È come se ciascuno potesse sentirsi avvolto da Cristo e in Esso trovare la forza per superare le difficoltà nelle quali si dibatte.
Per la Fondazione Fevoss “Santa Toscana” l’immagine della tela-Sindone esprime concretamente la missione che si è data: prendersi cura della persona in difficoltà, circondandola con le sue iniziative e i suoi servizi, per darle sostegno e conforto, rispettandone i diritti umani fondamentali e costituzionali.
Perciò la Fondazione Fevoss “Santa Toscana” intende assumere l’opera artistica come simbolo concreto del suo operare. Con tale nobile finalità d’intenti essa chiede un aiuto alla generosità della gente che crede possibile sostenere progetti di vita per la persona nella sua globalità: si cercano benefattori mossi dalla compassione e mecenati ispirati dalla bellezza dell’arte che esorta alla fraternità e operatori che rendano possibile concretamente la nostra missione.
Peregrinatio della Statua di Maria Madre del Dono
Un pellegrinaggio in 23 tappe nei luoghi di preghiera (Clicca qui per guardare la gallery), nelle case di cura, nelle periferie umane, per portare alle persone il dono della consolazione e della speranza. Un viaggio che, dal 4 ottobre 2018 all’11 febbraio 2019, ha compiuto Maria Madre del Dono: una Madonna con bambino realizzata dallo scultore Flavio Pancheri e terminata alla sua morte dal figlio Walter Pancheri di Ortisei (Bolzano) e donata dalla famiglia alla Fondazione Fevoss Santa Toscana di Verona, che ne ha fatto per la dolce espressività il suo riferimento istitutivo, quello dell’economia del dono quale forma di partecipazione alla vita della comunità umana. Oggi quella “peregrinatio Mariae”, che ha preso il via simbolicamente nella data in cui si celebra la Giornata nazionale della Donazione e si è conclusa altrettanto significativamente nel giorno che ricorda Nostra Signora di Lourdes, diventa un libro, «Nel segno di Maria madre del dono», dato alle stampe da Edizioni Zerotre.

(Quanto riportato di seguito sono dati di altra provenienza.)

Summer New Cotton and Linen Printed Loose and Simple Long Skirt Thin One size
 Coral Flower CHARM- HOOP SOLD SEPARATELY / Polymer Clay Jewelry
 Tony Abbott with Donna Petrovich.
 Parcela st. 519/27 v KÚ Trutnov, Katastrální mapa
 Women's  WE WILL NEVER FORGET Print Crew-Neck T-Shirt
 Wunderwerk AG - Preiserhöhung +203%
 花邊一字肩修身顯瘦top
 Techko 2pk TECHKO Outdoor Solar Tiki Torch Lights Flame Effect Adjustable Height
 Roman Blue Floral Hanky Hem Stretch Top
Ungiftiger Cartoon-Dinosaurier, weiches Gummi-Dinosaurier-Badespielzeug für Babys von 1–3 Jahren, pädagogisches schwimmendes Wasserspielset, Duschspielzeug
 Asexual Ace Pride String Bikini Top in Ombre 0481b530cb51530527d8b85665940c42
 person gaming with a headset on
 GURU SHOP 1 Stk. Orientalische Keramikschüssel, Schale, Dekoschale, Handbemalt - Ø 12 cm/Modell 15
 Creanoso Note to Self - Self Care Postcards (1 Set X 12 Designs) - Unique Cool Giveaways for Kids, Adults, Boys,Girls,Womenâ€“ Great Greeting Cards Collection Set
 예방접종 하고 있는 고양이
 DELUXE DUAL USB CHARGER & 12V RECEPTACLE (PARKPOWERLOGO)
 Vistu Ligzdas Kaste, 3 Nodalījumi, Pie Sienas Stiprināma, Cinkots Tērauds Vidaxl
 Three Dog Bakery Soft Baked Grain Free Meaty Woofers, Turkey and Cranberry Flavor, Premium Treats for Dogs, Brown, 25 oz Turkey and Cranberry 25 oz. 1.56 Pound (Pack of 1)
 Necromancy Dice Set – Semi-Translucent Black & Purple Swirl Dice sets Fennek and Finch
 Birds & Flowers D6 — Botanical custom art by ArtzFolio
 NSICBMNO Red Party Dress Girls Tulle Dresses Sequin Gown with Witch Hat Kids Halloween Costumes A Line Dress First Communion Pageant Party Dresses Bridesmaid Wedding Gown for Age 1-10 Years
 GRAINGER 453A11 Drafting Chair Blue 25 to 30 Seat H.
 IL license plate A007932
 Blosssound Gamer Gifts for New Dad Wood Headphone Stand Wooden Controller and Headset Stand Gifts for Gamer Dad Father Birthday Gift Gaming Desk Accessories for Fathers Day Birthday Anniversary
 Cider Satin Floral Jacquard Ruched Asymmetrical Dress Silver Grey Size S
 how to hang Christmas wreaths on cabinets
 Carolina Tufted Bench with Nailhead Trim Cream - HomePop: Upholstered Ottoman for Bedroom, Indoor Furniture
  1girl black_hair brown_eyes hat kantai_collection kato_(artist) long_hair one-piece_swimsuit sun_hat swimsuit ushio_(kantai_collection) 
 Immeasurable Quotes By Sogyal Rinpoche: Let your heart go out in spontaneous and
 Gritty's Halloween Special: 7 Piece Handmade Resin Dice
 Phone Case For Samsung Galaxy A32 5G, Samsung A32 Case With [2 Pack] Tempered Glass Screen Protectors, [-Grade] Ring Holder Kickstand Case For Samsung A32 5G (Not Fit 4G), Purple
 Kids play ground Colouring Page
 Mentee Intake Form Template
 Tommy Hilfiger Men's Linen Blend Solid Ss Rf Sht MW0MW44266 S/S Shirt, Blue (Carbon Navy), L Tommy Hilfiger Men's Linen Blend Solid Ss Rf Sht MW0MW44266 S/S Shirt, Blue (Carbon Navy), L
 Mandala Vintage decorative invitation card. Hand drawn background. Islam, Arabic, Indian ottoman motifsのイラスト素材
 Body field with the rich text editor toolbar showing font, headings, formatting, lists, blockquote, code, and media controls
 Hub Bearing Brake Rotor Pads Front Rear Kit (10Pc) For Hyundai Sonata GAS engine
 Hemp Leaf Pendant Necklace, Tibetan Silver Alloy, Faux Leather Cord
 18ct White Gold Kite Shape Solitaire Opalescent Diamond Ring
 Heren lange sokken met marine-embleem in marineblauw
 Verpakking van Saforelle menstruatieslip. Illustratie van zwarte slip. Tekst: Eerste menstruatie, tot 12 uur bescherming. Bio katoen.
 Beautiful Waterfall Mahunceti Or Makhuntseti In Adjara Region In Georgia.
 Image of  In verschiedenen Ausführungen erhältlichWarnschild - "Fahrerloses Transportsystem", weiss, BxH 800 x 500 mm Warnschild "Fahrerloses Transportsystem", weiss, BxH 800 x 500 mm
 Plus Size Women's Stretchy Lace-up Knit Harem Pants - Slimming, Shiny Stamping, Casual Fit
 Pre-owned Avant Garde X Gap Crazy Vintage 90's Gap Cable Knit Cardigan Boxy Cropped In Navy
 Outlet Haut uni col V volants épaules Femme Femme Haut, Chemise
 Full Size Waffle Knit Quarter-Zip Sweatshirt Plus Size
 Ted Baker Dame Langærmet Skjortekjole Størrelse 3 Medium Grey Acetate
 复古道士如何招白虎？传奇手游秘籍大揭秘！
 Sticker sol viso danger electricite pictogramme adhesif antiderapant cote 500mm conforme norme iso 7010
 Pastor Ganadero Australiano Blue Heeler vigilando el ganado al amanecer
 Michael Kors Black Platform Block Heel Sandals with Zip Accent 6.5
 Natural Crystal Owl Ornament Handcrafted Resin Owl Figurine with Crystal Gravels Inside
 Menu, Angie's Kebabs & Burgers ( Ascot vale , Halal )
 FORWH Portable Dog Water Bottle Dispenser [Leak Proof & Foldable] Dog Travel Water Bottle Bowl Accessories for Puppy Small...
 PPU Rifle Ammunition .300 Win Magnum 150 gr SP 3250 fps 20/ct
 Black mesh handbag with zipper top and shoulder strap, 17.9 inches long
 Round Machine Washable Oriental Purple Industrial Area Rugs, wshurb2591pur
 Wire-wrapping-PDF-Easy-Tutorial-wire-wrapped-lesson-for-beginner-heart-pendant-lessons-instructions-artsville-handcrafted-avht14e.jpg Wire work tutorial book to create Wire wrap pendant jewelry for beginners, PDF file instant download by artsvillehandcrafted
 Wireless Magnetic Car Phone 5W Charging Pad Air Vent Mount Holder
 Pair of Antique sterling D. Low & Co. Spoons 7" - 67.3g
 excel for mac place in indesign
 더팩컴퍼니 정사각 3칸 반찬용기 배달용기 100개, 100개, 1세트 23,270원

«L’immagine di Maria suscita sentimenti di serenità, consolazione, conforto, compassione e forse in qualcuno anche il risveglio dei valori della fede, della speranza e dell’Amore», spiega Alfredo Dal Corso, presidente di Fondazione Fevoss Santa Toscana, autore del testo insieme a Franco Larocca, già ordinario di pedagogia Speciale all’università di Verona e responsabile della formazione nella Fondazione. «Da qui la decisione di raccontare la storia che si è realizzata attraverso la bellezza di un’opera d’arte scolpita su legno tanti anni fa, forse per scaldarci il cuore».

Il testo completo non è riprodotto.